RECORDED INFORMATION:
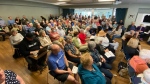 People meet to discuss the Dartmouth Cove infill project on June 12, 2024.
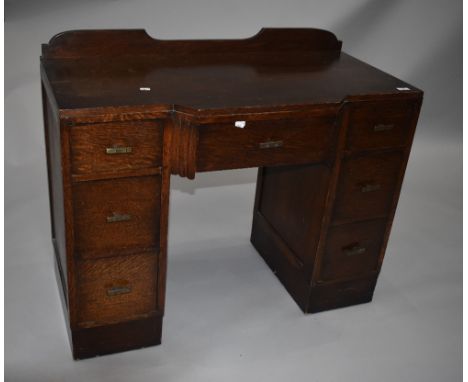 An early to mid 20th Century post Deco oak dressing table having ledge back (no mirror) , the breakfront centre drawer flanke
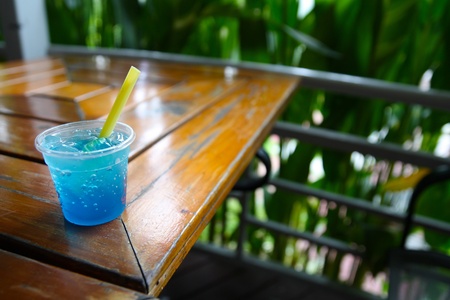 blue soda beverage in tiny glass on  tableの写真素材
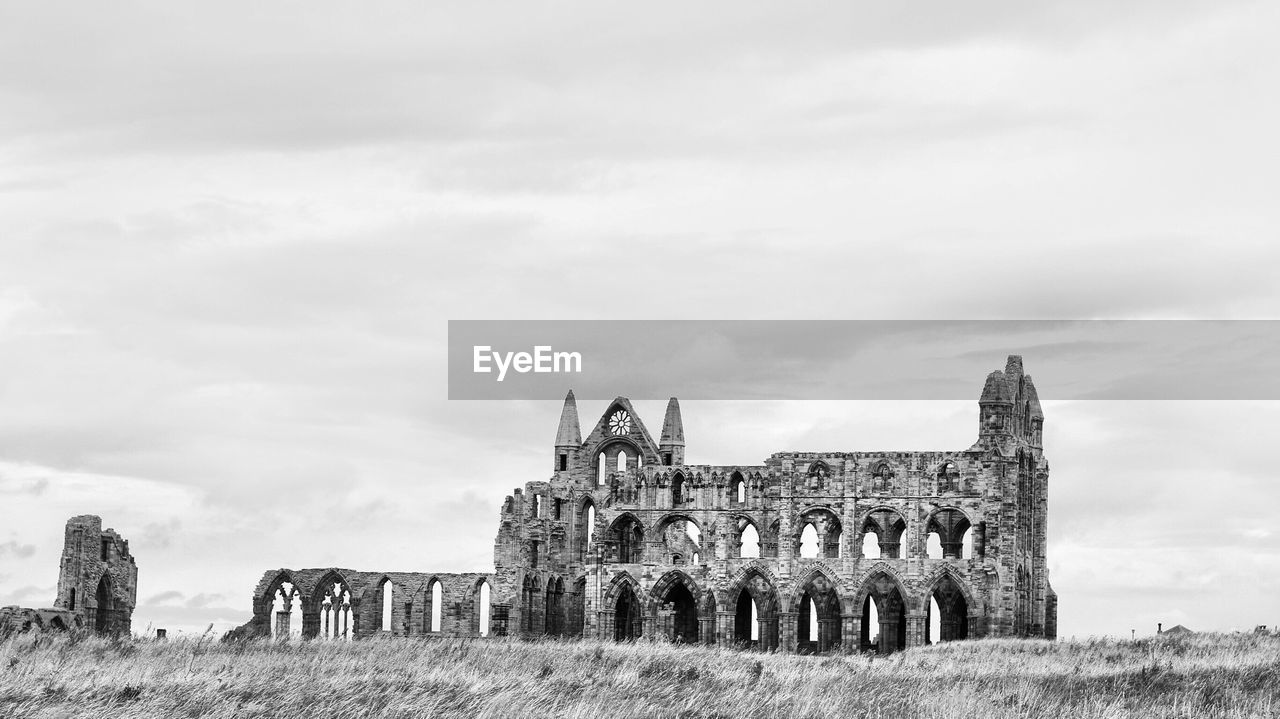 Old ruin building against cloudy sky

TASK DESCRIPTION:
Please repeat every line from the listing above exactly as it appears. Drop the pictures.

RESULT:
 People meet to discuss the Dartmouth Cove infill project on June 12, 2024.
 An early to mid 20th Century post Deco oak dressing table having ledge back (no mirror) , the breakfront centre drawer flanke
 blue soda beverage in tiny glass on  tableの写真素材
 Old ruin building against cloudy sky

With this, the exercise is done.